The Demerger Gamble: Spinning off ice cream was correct strategically (it needed separate capital allocation and strategy). But investors now own KWIL + HUL instead of the bundled whole. KWIL trades at thin margins (ice cream is competitive). HUL trades at 48x P/E. The total value creation depends on whether KWIL can build a ₹1,000+ Cr profit business, which is uncertain. Three to five years will tell.
The Macro Headwind: Rupee depreciation makes imported base chemicals (used in detergents, cosmetics) costlier. HUL hedges, but there’s no free lunch. Commodity inflation remains a margin risk. Urban consumption is subdued (good monsoons help rural, but urban middle-class is still cautious). RBI rate cuts and tax relief announced in the budget could help, but the transmission is slow.
✓ Strengths
- 61.9% of 16 FMCG categories — market-leading brands in ~51% of portfolio
- 9 million retail touchpoints; 40,000+ rural outlets; 3,500+ distributors
- 27.8% ROCE — nearly double sector median (14.3%)
- ₹11,886 Cr annual operating CF; negative 71-day cash conversion cycle
- Zero debt (0.04x D/E), 58x interest coverage, Crisil AAA rating
- Unilever Plc backing: global R&D, supply chain, brand equity
✗ Weaknesses
- Revenue growth: 2% YoY (FY25), 3% TTM. Mature, slow-growth base
- OPM compression: 24% (FY24) → 23% (TTM) due to input costs + rupee
- P/E 47.9x assumes flawless execution of volume+premium pivot
- D2C acquisitions (OZiva, Minimalist) in early innings; integration risk
- Traditional distribution economics under pressure from QC/e-commerce
- Dividend payout 117% of profit (FY25) — unsustainable if growth stalls
→ Opportunities
- Volume-led growth: Rural recovery, monsoon support, disposable income expansion
- Premium/D2C scaling: OZiva (supplements), Minimalist (skincare) hitting ₹1,100 Cr ARR combined
- Quick commerce: Currently 3% of business, “doubling quarterly” — new margin channel
- Emerging adjacencies: Industrial lubricants, data centre fluids, kitchen appliances
- RBI rate cuts + tax relief providing macro tailwinds (if transmitted to consumption)
⚡ Threats
- EV penetration: Electric vehicles need less lubrication (long tail, but real)
- Unorganised competition: 65% of FMCG is still unorganised; regional brands proliferating
- Rupee depreciation: Imported inputs (palm oil, chemicals) rise in cost, margin pressure
- KWIL demerger execution: Ice cream market is fragmented; profitability target uncertain
- Premium D2C pivot cannibalises mass-market gross margins (margin vs volume tradeoff)
HUL is what happens when a company gets really, really good at boring things.
For three decades, it’s sold detergents, soaps, and shampoos better than anyone else.
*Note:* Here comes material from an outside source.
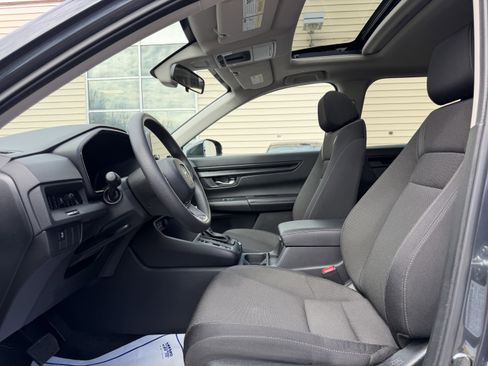 Used 2025 Honda CR-V EX image 14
Returns have been steady, dividends abundant, balance sheet fortress-like. The stock has rewarded this with a 47.9x P/E — the second-highest in its peer group. Either the market is right (management’s pivot to volume+premium+D2C will accelerate growth to 6–8%), or it’s wrong (and growth stays at 2–3%, multiples compress, and investors pay 30x P/E in five years). For now, HUL is fairly valued at ₹2,226, assuming your time horizon matches management’s strategic ambitions. If you need excitement, go elsewhere. If you want a boring, profitable, dividend-paying business that’s slightly expensive but not insane, this is it.